* How to complete this task:
Pictures are to be left out; otherwise, copy exactly the lines from the line containing "Маршрутизатор Ubiquiti (ER-6P)" through the end of the data.

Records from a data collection
#####
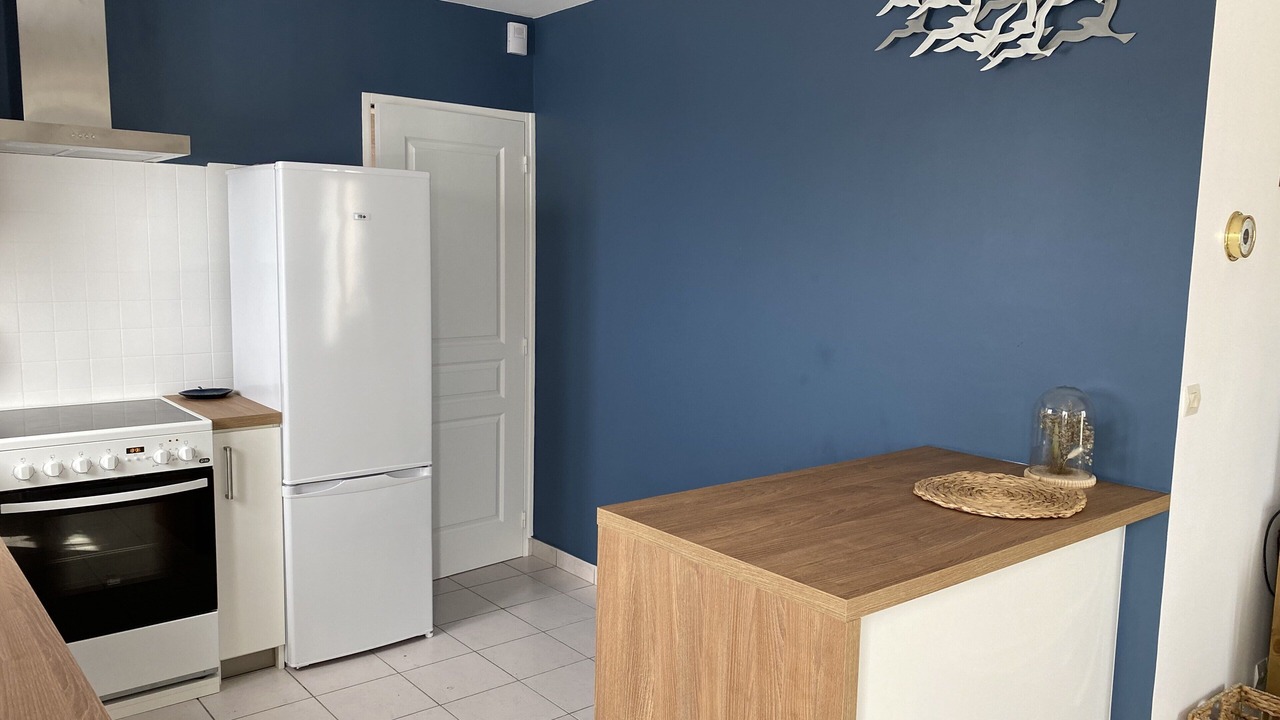 Photo of Kitchen in Le Chateau-d'Oleron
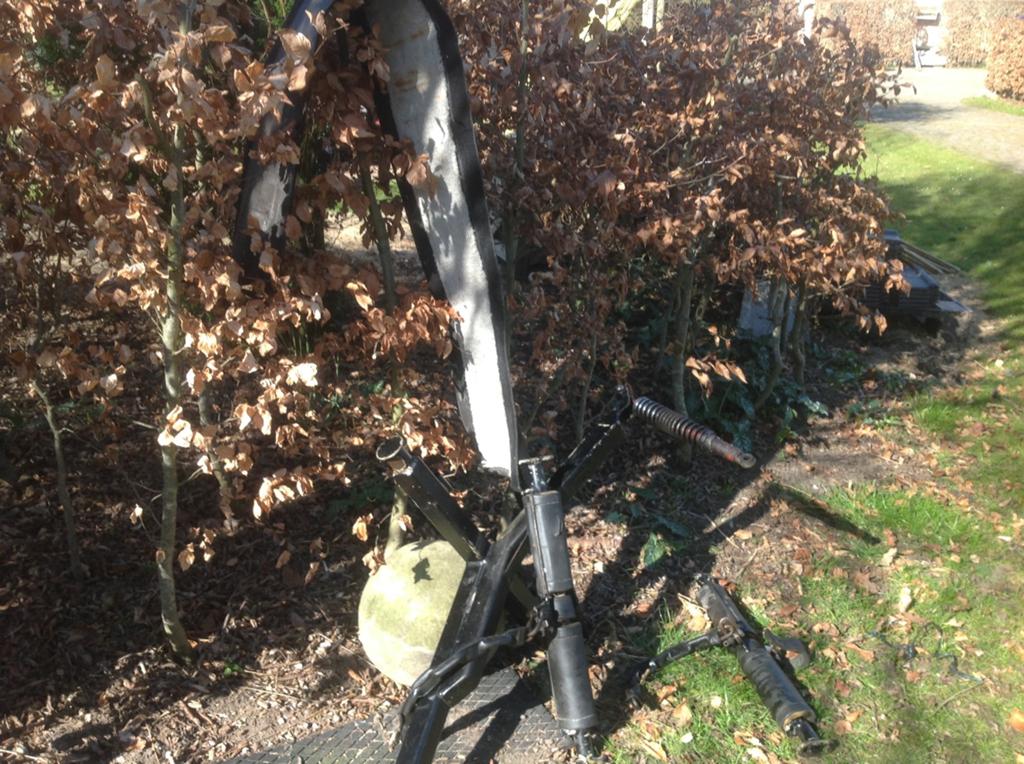 Disselboom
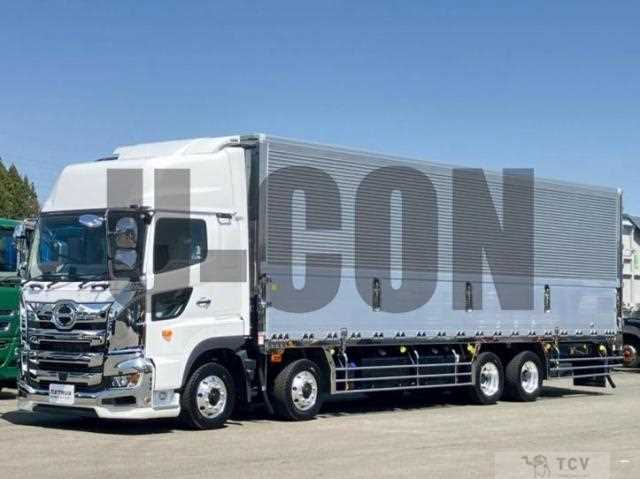 2025 Hino Profia
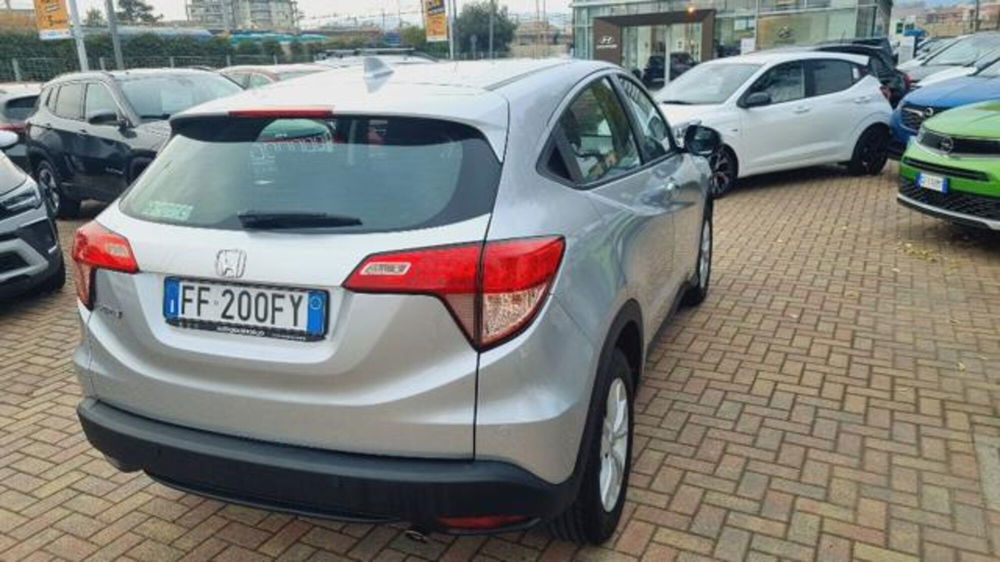 Honda HR-V usata a Savona (7)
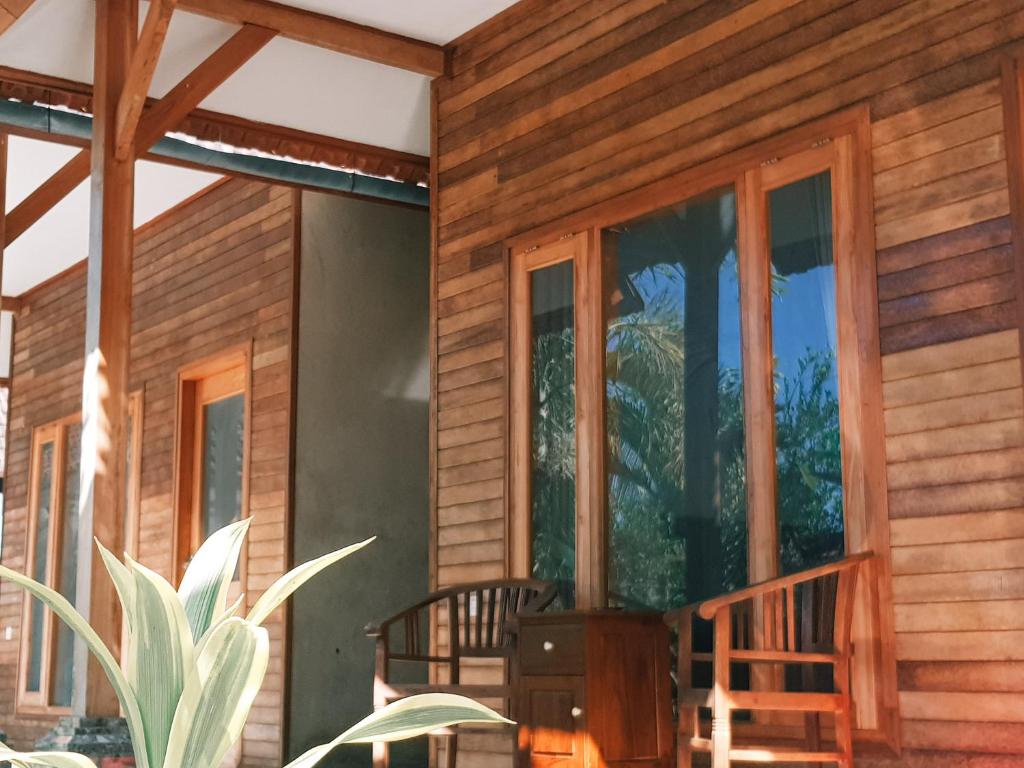 Klotok Home Stay Nusa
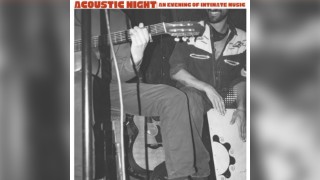 The Acoustic Night | An Evening of Intimate Music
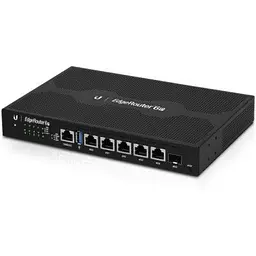 Маршрутизатор Ubiquiti (ER-6P)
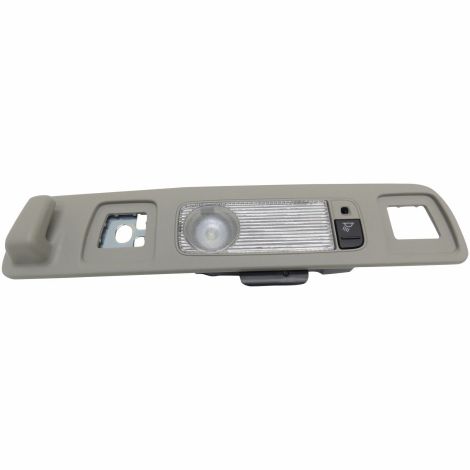 23128802 Reading Lamp Light Platinum/Jet Black LH 2014-15 Cadillac CTS Sedan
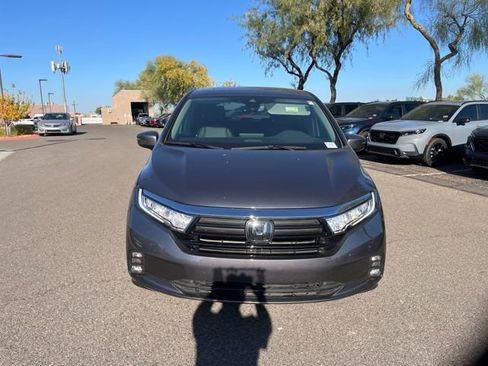 Certified 2024 Honda Odyssey EX-L image 17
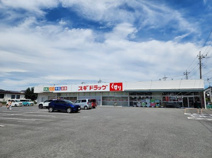 スギドラッグ 上並榎店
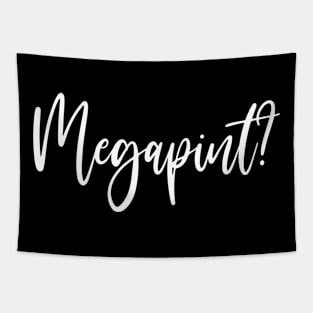 Megapint Tapestry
#####
* Problem solution:
 Маршрутизатор Ubiquiti (ER-6P)
 23128802 Reading Lamp Light Platinum/Jet Black LH 2014-15 Cadillac CTS Sedan
 Certified 2024 Honda Odyssey EX-L image 17
 スギドラッグ 上並榎店
 Megapint Tapestry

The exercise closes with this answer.